Monday, 12 July 2010
Fun with Journal Table of Contents (TOCs)
With print serials, a classic way to keep up with new journal content is to skim the Table of Contents (TOC) of a journal issue. This form of serendipitous browsing not only provides an overview of current content but can lead to unexpected discoveries. It is limited, however, since you can only scan one TOC at a time and you need access to the print publication to do so. As journals have migrated to digital formats, however, the static TOC has become dynamic and STM publishers provide various ways to present them. These modes of distribution not only facilitate access bu offer new ways to present the information embedded in TOCs.
A classic way to get digital TOCs is by signing up for email alerts. You then receive periodic listings of TOCs for one or more serials with hyperlinks which typically go to the journals’ home pages. Nearly all the major publishers – Nature Publishing Group (NPG), American Chemical Society (ACS), and IEEE are just a few examples – provide email alerts, sometimes with the ability to customize them to fit particular search queries.
Email alerts for TOCs are handy but if you don’t want this sort of content filling up your mailbox, you can sign up for RSS feeds of TOCs and then browse them at your leisure in a feed readers such as Google Reader or Bloglines. These generally free tools enable you to organize your RSS feeds into folders by topics, publications, and other facets and provide an efficient means of scanning multiple TOCs at all once. You can also pick up feeds in some email programs and via mobile devices. In addition, you can embed RSS widgets into web pages, blogs, and other Web 2.0 media. Tools like Yahoo Pipes lets you to combine feeds from multiple publications (the sample linked from here combines feeds from three journals focusing on nanotechnolog).

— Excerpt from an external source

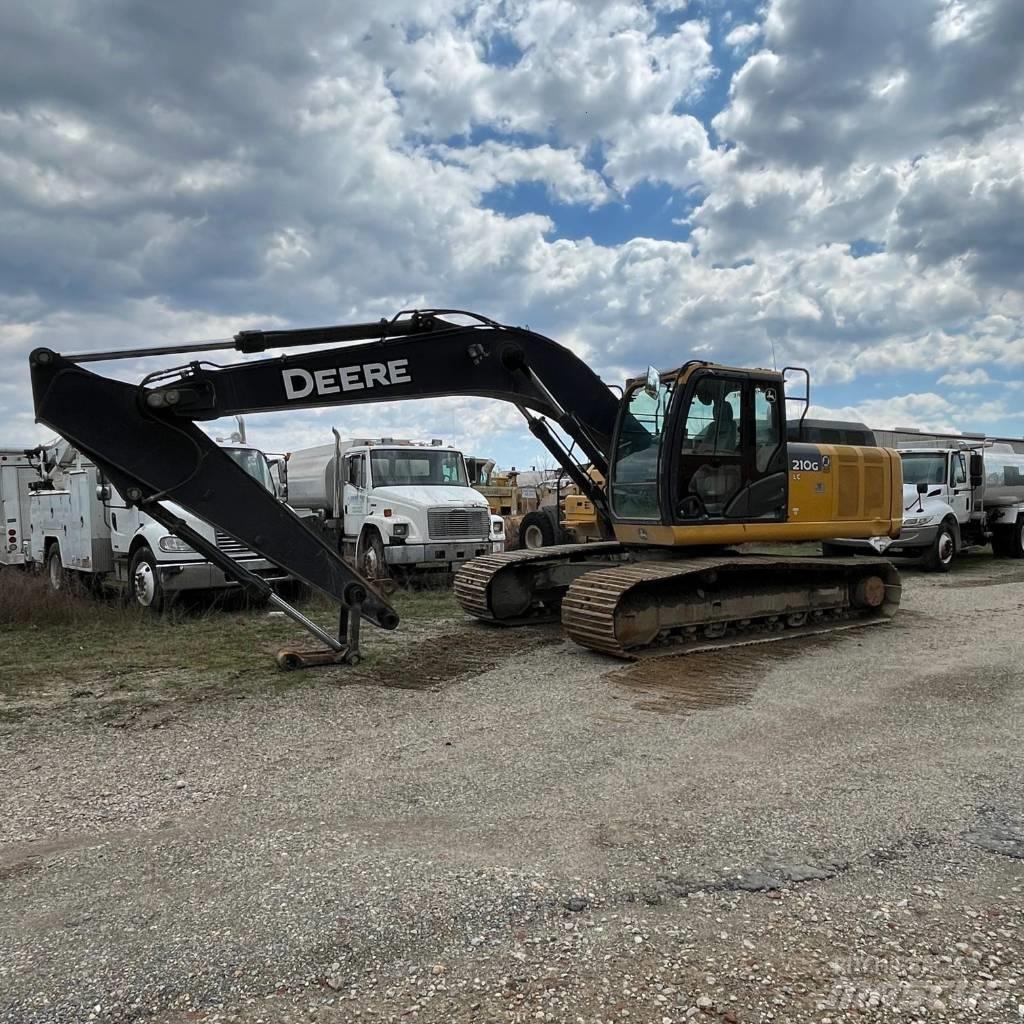 DEERE 210G Pelle sur chenilles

A useful tool for identifying TOC alerts in your target subjects is provided by the Joint Information Systems Committee (JISC) of the U.K. Its complimentary Journal Table of Contents Service has compiled TOC feeds for thousands of scholarly journals. You can screen for these TOCs by title, subject, and publisher, then select the journals that interest you, and view the feeds for their TOCs; clicking on an entry will take you to the journal’s site, and if they are in the Tufts collection or are open access, you can view the full text. You also export your selections as an OPML (Outline Processor Markup Language) file, which is an XML-based format for exporting and importing RSS feeds to and from feed readers. A recent subject search on engineering retrieved feeds for 765 titles divided into 10 major categories as defined by Ulrich’s Periodicals Directory; many of these titles are the top journals in their respective fields and are available in the Tufts collection. JISC also provides an option to set up an account so that you can save your TOCs and view them from within the JISC portal rather than through a feed reader.
Another notable aspect of the migration of TOCs to the digital world concerns the use of multimedia. Print journals in the biology and chemistry realm in particular are noteworthy for including images and pictograms in their TOCs – for scientists focusing on a particular structure, this provides for faster and more meaninful scanning than text might provide. The online variants of TOCs can take this further by providing TOC images as slide shows or 3D animations, as evidenced by, for example, the TOC of ACS Chemical Biology.
The examples listed above are just a sampling of how TOCs can become a useful research tool and as publishers of STM journals work with new web-based technologies, more applications will doubtless emerge.